College remembers late computer science professor Andrea Danyluk

Bellamy Richardson

Professor Andrea Danyluk, who was the first woman hired into the computer science faculty at the College, died on March 3. (Photo courtesy of the Williams Office of Communications.)

Professor of Computer Science Emerita Andrea Danyluk died on March 3 at the age of 59 after a long battle against pancreatic cancer. Danyluk was a pioneer and advocate for women in the computer science field, and she made history at the College as the first woman hired into the faculty of computer science.

Danyluk was a beloved professor, colleague, and friend to faculty and students. The College held a memorial service for the faculty to honor Danyluk on Saturday.

Danyluk graduated from Vassar College in 1984 with a degree in mathematics and computer science and received her doctorate from Columbia University in 1992. She was hired as a professor of computer science at the College in 1994. In 2009-10, Danyluk served as the Acting Dean of the Faculty.

At the College, Danyluk taught courses in programming, data structures, the theory of computation, robotics, cognitive science, AI, and machine learning. Alongside Professor of Philosophy Joe Cruz ’91 and Professor of Psychology Kris Kirby, she created the Cognitive Science program at the College, which includes courses in a wide range of disciplines such as biology, computer science, neuroscience, philosophy, and psychology. She also co-advised the Women in Computer Science student group.

In a memorial written by Professors of Computer Science Jeannie Albrecht, Duane Bailey, and Stephen Freund and Professors Emeriti Bill Lenhart and Tom Murtagh, Danyluk’s friends and colleagues reflect on her contributions to the College and her passion for teaching. “Those who worked with Andrea had the pleasure of witnessing first-hand the truly remarkable effect she had on her students,” her colleagues wrote. “Andrea brought to the classroom not just a great appreciation and passion for the material, but also a sense of playfulness in discovery.
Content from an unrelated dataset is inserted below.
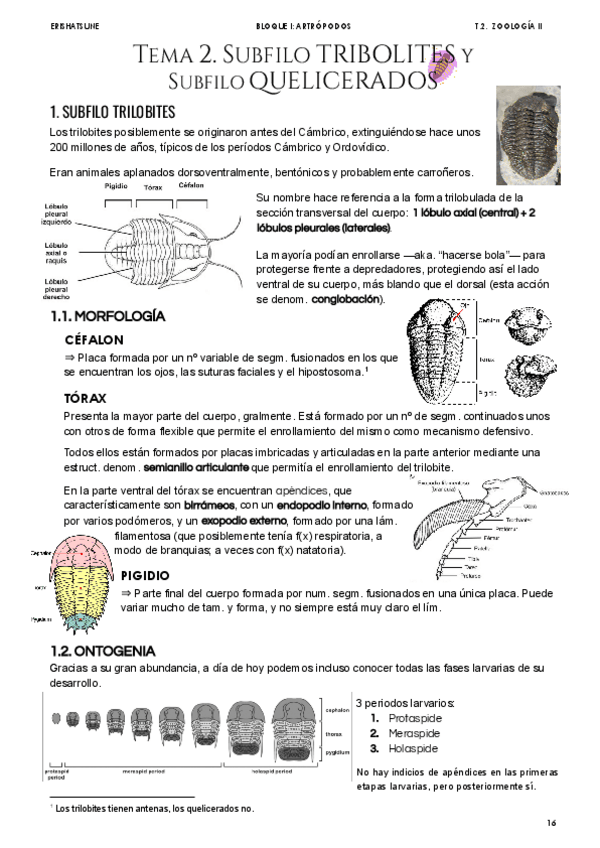 Miniatura del documento Tema-2-Trilobites-y-Quelicerados.pdf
Tasks that might otherwise have been mundane or tedious became opportunities for shameless geeking-out and delight.”

Bailey described Danyluk as an exemplary professor and role model to young scientists. “We always sought to build … the best program for undergraduate computer science education and research,” Bailey wrote in an email to the Record. “Andrea’s efforts helped to make that achievable, year after year. I will miss her dearly, but any sadness is tempered by knowledge that she lives on through a network of former students and research scientists who carry her passion forward.”

Wei Luo ’18, one of Danyluk’s students, reflected on the impact Danyluk had on his life. “Andrea was a teacher, a friend, and a guiding star,” Luo wrote in an email to the Record. “Andrea opened the doors of machine learning to me via a college course, a research project, and my senior thesis. She recommended me to Columbia, where I met my wife and obtained my Master’s degree.”

“I would not be who I am today without her,” Luo wrote. “She will be remembered and I will be forever grateful.”